WHAT THE TASK REQUIRES =
Could you restate the data below word for word, without its pictures?

INFORMATION SHOWN =
━━━━━━━━━━
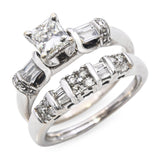 Vintage 14k White Gold 1.32tcw Diamond Engagement Ring Set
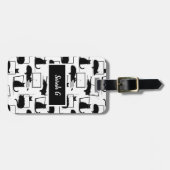 Schwarze Katzen auf Laptops Gepäckanhänger (Vorderseite horizontal)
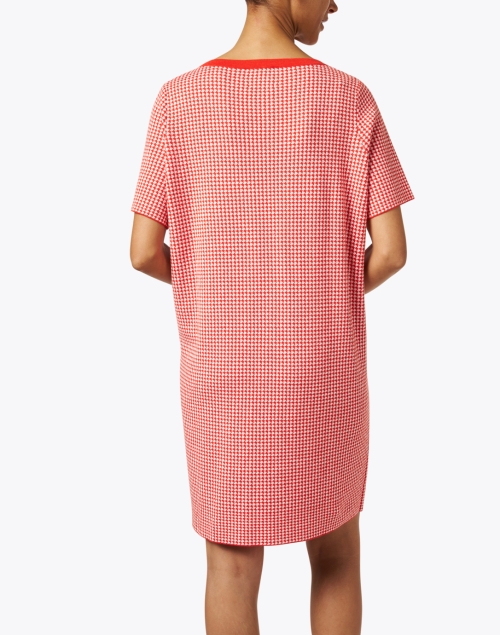 Back image - Allude - Coral Houndstooth Cotton Linen Dress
━━━━━━━━━━
THE ANSWER =
 Vintage 14k White Gold 1.32tcw Diamond Engagement Ring Set
 Schwarze Katzen auf Laptops Gepäckanhänger (Vorderseite horizontal)
 Back image - Allude - Coral Houndstooth Cotton Linen Dress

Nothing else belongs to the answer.